Not specifying a value for max_items requires you to use a Google Cloud account with billing enabled. If you’re not using a Google Cloud account with billing enabled, then you should limit the number of items to a value smaller than or equal to 4.

Important

If using a Google Cloud account with billing enabled, running this code might incur charges.

If you are evaluating the model, you shouldn’t use all available data to train the model. Therefore, if you’re evaluating the model, consider setting the parameter test_table_name to None. Doing so will cause the model to be trained using only the specified data from the train_table_name which in turn will allow you to use the data from test_table_name for evaluation.

iowa_forecast.ml_train.train_arima_models(client: bigquery.Client, columns: List[str], model: str = 'bqmlforecast.arima_model', train_table_name: str = 'bqmlforecast.training_data', test_table_name: str | None = 'bqmlforecast.test_data', model_metrics_table_name: str | None = 'bqmlforecast.arima_model_metrics', time_series_timestamp_col: str = 'date', time_series_id_col: str = 'item_name', confidence_level: float = 0.9, horizon: int = 7, use_test_data_on_train: bool = True, **kwargs)[source]

Train ARIMA models for a list of columns and store their metrics.

This function generates and executes 'CREATE MODEL' queries for ARIMA models using the specified columns, and evaluates their performance by creating tables of model metrics.
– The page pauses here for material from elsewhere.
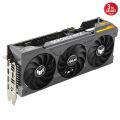 ASUS RTX4070TI SUPER 16GB TUF RTX4070TIS-O16G GAMING GDDR6X 256bit HDMI DP PCIe 4.0
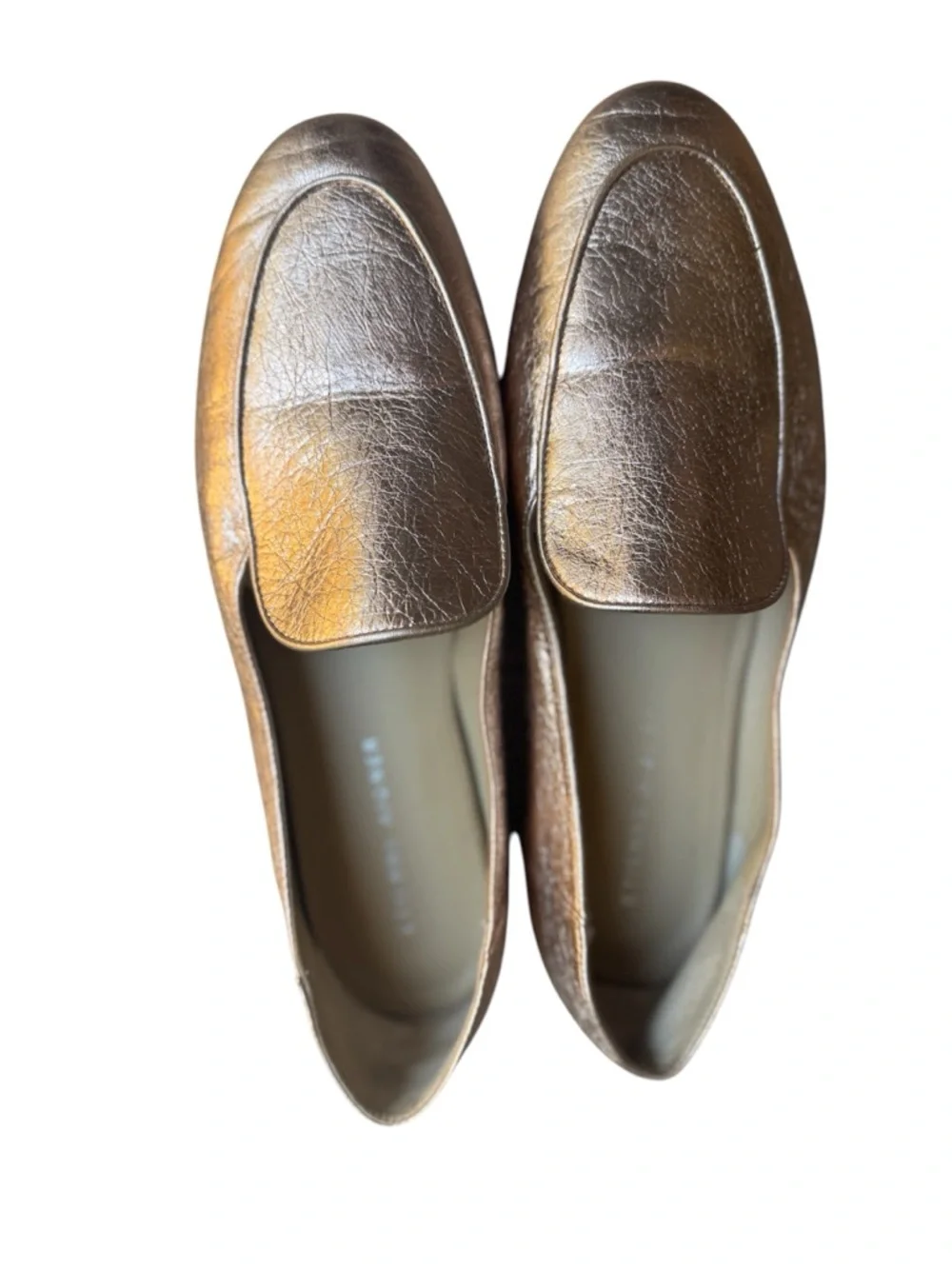 Camille Loafer Rose Gold from Etienne Aigner - Picture 2 of 6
These ARIMA models will then be used to generate the future feature values used for forecasting the liquor sales.

Parameters:
  • client (bigquery.Client) – Instance of the BigQuery client used to execute queries.
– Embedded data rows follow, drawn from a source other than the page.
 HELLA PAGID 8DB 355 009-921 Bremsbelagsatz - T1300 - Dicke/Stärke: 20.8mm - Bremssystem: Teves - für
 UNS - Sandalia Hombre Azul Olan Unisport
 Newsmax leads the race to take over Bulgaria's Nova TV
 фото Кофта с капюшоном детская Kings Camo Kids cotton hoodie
  • columns (List[str]) – List of columns to be used for creating ARIMA models.

  • model (str, default "bqmlforecast.arima_model") – The base name for the ARIMA models.

  • train_table_name (str, default "bqmlforecast.training_data") – The name of the table containing training data.

  • test_table_name (str | None, default "bqmlforecast.test_data") – The name of the table containing test data.

  • model_metrics_table_name (str or None, default "bqmlforecast.arima_model_metrics") – The base name for the tables where model metrics will be stored.

  • time_series_timestamp_col (str, default "date") – The column name representing the timestamp in the dataset.

  • time_series_id_col (str, default "item_name") – The column name representing the identifier for the time series.

  • confidence_level (float, default 0.9) – The confidence level used in the model evaluation.

  • horizon (int, default 7) – The number of time steps (days) to forecast.

  • use_test_data_on_train (bool, default True) – Whether to use test data during model training.